A token rug score typically centers on identifying contract-level permissions and structural patterns that enable abrupt or stealthy exit-blocking or supply manipulation. Key mechanisms include owner-controlled whitelist checks in transfer functions that allow buys but revert sells, adjustable sell taxes that can be increased post-launch to disincentivize selling, and active mint or freeze authorities that permit supply inflation or wallet-level transfer halts. These patterns manifest as explicit require() statements, owner-only setters for tax rates, or unrenounced administrative keys. Mechanically, they create asymmetries in token transferability or supply control, which can be detected through static contract analysis without requiring trading history. The score aggregates these signals to quantify potential rug pull risk based on structural capabilities rather than observed events.
This pattern becomes risk-relevant primarily when the permissions enabling exit blocking or supply inflation remain owner-controlled and modifiable post-launch, especially without transparent governance or timelocks. For example, a whitelist that the owner can update arbitrarily to block sells from any address is a classic honeypot enabler. Similarly, adjustable sell taxes that can spike suddenly impose hidden exit costs. Conversely, these patterns can be benign if the contract’s owner renounces control or if the permissions are retained for operational reasons clearly communicated to users, such as mint authority for scheduled token releases or freeze authority for compliance. The presence of these permissions alone does not confirm malicious intent but signals the technical potential for rug-like behavior.
Additional signals that would shift the risk assessment include on-chain evidence of past permission changes, such as the owner modifying whitelist entries, increasing sell taxes, or minting new tokens unexpectedly. Conversely, transparent governance mechanisms like multisig controls, timelocks on critical functions, or public audits that confirm permission renunciations would reduce perceived risk. The presence of a pause function combined with documented usage patterns can also inform whether the capability has been wielded responsibly or abused. Without such contextual signals, a token rug score based solely on contract structure remains a probabilistic indicator rather than a definitive judgment.

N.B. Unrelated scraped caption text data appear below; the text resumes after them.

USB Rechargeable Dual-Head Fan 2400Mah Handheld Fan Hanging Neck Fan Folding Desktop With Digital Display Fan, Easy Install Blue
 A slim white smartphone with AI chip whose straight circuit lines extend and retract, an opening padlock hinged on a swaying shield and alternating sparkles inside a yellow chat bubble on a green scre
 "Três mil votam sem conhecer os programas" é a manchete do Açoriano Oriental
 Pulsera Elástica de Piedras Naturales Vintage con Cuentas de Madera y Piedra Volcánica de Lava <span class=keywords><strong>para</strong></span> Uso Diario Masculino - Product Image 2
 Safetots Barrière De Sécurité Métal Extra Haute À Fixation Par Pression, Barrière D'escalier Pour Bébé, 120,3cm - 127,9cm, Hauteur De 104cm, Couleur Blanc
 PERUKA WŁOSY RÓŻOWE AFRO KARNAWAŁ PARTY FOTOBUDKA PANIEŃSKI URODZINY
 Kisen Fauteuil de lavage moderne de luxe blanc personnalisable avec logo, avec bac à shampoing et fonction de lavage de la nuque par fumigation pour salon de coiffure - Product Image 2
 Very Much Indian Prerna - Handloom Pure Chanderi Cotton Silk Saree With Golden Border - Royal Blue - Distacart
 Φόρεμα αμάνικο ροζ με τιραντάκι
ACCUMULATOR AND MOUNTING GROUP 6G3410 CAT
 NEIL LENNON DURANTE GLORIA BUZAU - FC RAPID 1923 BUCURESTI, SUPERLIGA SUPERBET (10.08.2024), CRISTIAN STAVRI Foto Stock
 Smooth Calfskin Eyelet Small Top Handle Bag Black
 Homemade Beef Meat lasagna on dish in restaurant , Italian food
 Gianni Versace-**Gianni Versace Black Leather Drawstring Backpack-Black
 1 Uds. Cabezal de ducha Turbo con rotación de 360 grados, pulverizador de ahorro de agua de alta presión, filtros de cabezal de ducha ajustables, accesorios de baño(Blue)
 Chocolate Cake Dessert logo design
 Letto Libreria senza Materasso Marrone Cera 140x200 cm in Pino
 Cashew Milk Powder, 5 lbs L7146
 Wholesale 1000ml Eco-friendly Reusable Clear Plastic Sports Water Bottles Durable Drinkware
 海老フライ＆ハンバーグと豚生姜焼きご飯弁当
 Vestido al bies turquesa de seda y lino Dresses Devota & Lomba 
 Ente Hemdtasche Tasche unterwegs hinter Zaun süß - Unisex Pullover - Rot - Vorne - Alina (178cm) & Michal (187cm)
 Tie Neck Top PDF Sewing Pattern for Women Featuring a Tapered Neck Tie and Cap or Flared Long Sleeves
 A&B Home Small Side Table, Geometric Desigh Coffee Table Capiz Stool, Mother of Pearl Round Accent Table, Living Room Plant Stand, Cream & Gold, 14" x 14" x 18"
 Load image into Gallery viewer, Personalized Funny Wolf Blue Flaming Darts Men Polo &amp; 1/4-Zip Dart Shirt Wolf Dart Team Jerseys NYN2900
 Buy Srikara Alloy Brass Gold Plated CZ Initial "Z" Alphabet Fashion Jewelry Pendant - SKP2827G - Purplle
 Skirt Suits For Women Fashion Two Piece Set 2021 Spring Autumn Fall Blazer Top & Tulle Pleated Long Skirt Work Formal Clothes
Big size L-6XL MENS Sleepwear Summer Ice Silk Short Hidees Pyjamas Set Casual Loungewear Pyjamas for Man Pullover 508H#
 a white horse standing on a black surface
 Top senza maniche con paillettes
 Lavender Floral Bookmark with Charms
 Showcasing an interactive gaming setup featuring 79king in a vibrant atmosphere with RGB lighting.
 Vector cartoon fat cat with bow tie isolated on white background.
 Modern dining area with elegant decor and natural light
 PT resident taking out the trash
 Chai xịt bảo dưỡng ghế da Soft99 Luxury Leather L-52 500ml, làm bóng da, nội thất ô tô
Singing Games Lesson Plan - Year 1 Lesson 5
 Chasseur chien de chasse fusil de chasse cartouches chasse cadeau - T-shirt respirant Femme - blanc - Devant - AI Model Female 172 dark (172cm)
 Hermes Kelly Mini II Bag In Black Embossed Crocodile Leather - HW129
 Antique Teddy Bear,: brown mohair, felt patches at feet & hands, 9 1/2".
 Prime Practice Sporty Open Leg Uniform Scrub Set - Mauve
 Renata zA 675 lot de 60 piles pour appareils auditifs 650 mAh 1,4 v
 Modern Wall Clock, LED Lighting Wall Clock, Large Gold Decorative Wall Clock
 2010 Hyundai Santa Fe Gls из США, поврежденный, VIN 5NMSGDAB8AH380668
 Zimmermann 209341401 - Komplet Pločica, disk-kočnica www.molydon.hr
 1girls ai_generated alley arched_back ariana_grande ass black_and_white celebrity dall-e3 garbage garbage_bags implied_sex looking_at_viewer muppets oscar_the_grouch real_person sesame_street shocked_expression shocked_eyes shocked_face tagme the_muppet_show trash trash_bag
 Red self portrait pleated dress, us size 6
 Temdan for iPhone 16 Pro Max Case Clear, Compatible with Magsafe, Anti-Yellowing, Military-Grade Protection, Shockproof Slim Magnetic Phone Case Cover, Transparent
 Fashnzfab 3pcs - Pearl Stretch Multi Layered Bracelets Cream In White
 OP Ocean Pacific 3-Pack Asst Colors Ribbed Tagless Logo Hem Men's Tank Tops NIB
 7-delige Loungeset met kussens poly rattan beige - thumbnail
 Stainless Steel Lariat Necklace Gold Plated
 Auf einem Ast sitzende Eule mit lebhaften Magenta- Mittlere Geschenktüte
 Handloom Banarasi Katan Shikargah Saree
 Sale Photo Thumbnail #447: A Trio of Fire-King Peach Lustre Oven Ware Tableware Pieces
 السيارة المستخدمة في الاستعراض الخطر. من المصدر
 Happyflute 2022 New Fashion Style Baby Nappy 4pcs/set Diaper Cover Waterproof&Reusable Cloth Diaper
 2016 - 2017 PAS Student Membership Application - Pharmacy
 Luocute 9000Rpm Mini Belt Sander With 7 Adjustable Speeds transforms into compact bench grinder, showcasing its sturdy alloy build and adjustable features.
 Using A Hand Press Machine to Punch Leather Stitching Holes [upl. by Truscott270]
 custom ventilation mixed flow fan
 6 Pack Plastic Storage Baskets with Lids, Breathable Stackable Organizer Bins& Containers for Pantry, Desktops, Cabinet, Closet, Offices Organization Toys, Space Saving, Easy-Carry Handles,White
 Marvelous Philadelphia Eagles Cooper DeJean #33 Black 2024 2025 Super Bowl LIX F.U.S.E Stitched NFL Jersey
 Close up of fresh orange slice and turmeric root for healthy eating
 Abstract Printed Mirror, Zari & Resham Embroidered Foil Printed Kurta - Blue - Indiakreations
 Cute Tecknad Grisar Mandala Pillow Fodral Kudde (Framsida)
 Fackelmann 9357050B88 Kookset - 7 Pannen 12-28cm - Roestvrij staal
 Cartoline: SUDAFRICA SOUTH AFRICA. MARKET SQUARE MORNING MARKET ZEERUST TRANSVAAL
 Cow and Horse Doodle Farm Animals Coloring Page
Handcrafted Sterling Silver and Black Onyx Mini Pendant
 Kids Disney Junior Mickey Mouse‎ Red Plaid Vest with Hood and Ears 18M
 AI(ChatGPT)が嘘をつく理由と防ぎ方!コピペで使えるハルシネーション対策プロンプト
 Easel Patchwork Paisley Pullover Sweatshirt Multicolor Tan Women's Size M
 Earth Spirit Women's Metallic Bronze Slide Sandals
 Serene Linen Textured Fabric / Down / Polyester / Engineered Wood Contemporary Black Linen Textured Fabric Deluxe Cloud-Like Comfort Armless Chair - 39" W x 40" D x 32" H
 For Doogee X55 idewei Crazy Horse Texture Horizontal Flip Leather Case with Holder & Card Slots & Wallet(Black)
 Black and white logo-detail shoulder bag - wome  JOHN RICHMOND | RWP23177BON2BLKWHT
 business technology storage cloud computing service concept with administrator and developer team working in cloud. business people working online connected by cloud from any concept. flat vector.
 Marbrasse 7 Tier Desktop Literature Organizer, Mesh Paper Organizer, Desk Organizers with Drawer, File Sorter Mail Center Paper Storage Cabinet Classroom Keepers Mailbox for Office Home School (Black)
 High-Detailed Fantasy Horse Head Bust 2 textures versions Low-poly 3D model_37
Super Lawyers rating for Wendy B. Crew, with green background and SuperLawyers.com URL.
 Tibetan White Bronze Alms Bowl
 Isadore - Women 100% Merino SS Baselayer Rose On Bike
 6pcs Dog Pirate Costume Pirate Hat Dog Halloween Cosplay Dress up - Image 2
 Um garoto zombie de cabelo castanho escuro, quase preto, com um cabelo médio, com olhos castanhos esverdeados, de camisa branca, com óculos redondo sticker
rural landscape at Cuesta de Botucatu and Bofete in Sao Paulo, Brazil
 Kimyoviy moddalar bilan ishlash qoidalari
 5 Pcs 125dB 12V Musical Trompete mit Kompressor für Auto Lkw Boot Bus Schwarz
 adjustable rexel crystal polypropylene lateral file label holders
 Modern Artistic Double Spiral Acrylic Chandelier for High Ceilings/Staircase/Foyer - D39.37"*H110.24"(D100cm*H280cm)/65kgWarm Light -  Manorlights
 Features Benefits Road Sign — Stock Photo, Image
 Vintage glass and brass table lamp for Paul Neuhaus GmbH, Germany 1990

When combined with other common conditions, the realistic outcomes of these patterns vary widely. For instance, a token with a shallow liquidity pool and active owner-controlled exit restrictions can trap buyers and cause rapid price collapses when the owner exercises these controls. In contrast, tokens with deep liquidity and decentralized governance may retain similar permissions but never exercise them maliciously, resulting in no adverse market impact. The interaction of upgradeable proxy patterns with these permissions can further amplify risk by enabling sudden contract logic changes. Thus, the token rug score’s predictive value depends heavily on the broader ecosystem context, including liquidity depth, governance transparency, and historical permission usage.